In Times stories (not all of them part of the “Radiation Boom” series) that go back to June 2009, Bogdanich has reported on a variety of issues dealing with medical radiation. The first story focused on a doctor at a veterans’ hospital in Philadelphia who, while implanting radioactive seeds intended to treat prostate cancer, routinely missed the prostate. Overall, Bogdanich reported, the hospital’s cancer unit botched 92 of 116 cancer treatments over a two-year period.

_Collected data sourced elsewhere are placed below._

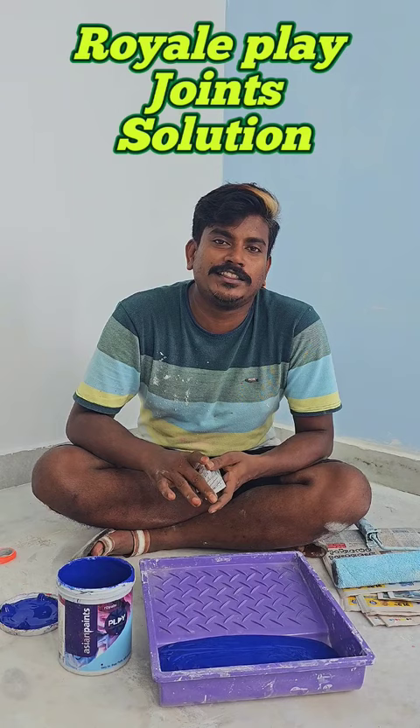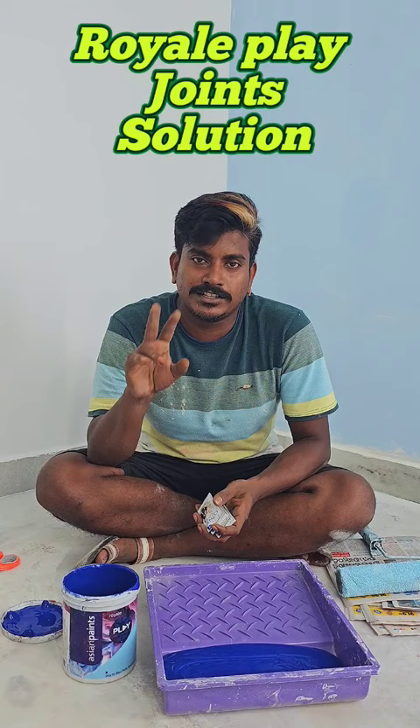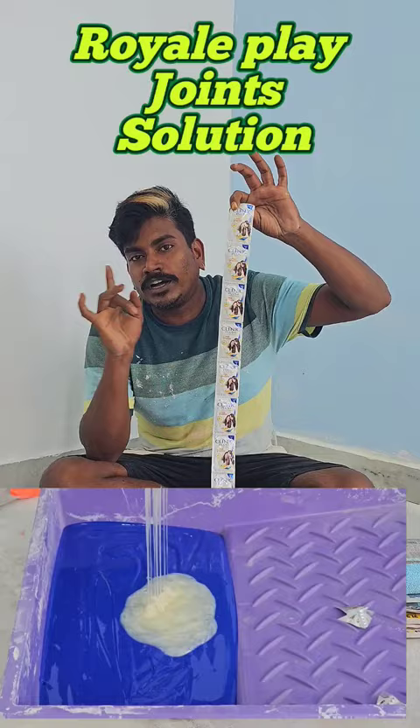Ok friends, we are going to do a paint for the Royal Play. I am going to do two coats for the Royal Play. If you do a paint, you will have a shampoo.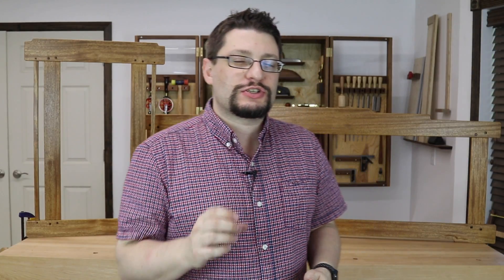Hey everybody, Matthew Morse, M&M Wood Studio. It's Monday, July 30th. I've got two frames behind me that just got finished on them and all the hardware for hanging. Let's get into it.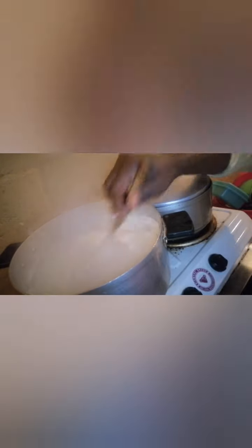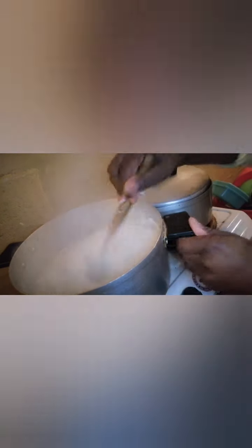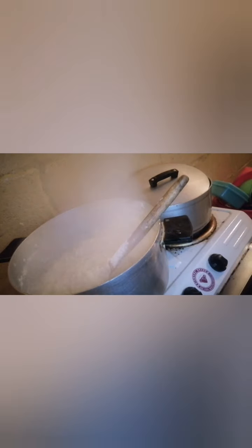We already have stew left from the previous day, so right now I'm just making puba. When the puba simmered for 10 minutes, I went on to continue with it. I'm adding the mealie meal or cooking powder just to make it thick, and as I'm doing that I stir fast so that the puba will be smooth — we want smooth puba!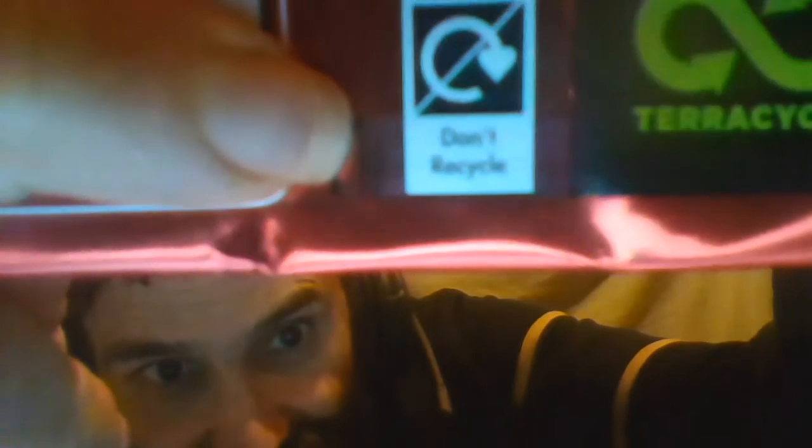For some reason it says don't recycle this — I'm not even making this up. But it also says TerraCycle, which means I can recycle it. My local Tesco has a special scheme for recycling this kind of packaging, which is collected tomorrow.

He has also reported on major radiation overdoses for suspected stroke patients during CT scans, high radiation doses from cone-beam CT scans performed on children in dental offices, serious injuries caused by poor calibration or radiation leakage during stereotactic radiosurgery, unnecessary and unshielded full-body X-rays of premature babies—and, over and over, poor training and lax to nonexistent regulatory supervision and reporting requirements.

During the Fresh Air interview, he said:

Hospitals want more patients, and as soon as a new gee-whiz medical device comes out that is some lifesaving device, every hospital wants to get them as quickly as possible, and sometimes they move too quickly. They buy them, they install them, they don’t spend the kind of money necessary to train the staff and to develop the kind of protocols necessary to ensure that mistakes … are minimized.

Regulations, licensing requirements, dosage-reporting guidelines, training procedures, and rules for reporting medical errors vary from state to state, he said. Some states don’t require any licensing or training at all for technicians operating complex and potentially dangerous machines.

Speaking of the “Radiation Boom” series, Bogdanich said:

I think we made it clear that these are wonderful devices that save countless lives, and people need to get it when they need them, but they need to ask questions. People were not asking questions, and, frankly, doctors who were treating the patients were not giving the patients the information they needed.

Bogdanich argued on behalf of the Consistency, Accuracy, Responsibility and Excellence in Medical Imaging and Radiation Therapy (CARE) bill, which the American Society of Radiologic Technologists has been pushing in Congress since 1999. The bill would establish minimum federal standards for technicians who perform medical imaging and deliver radiation therapy.

The reporter said he knew of no organized opposition to the bill or other major reason why it hasn’t passed. Congress, he said, just seems to have other priorities.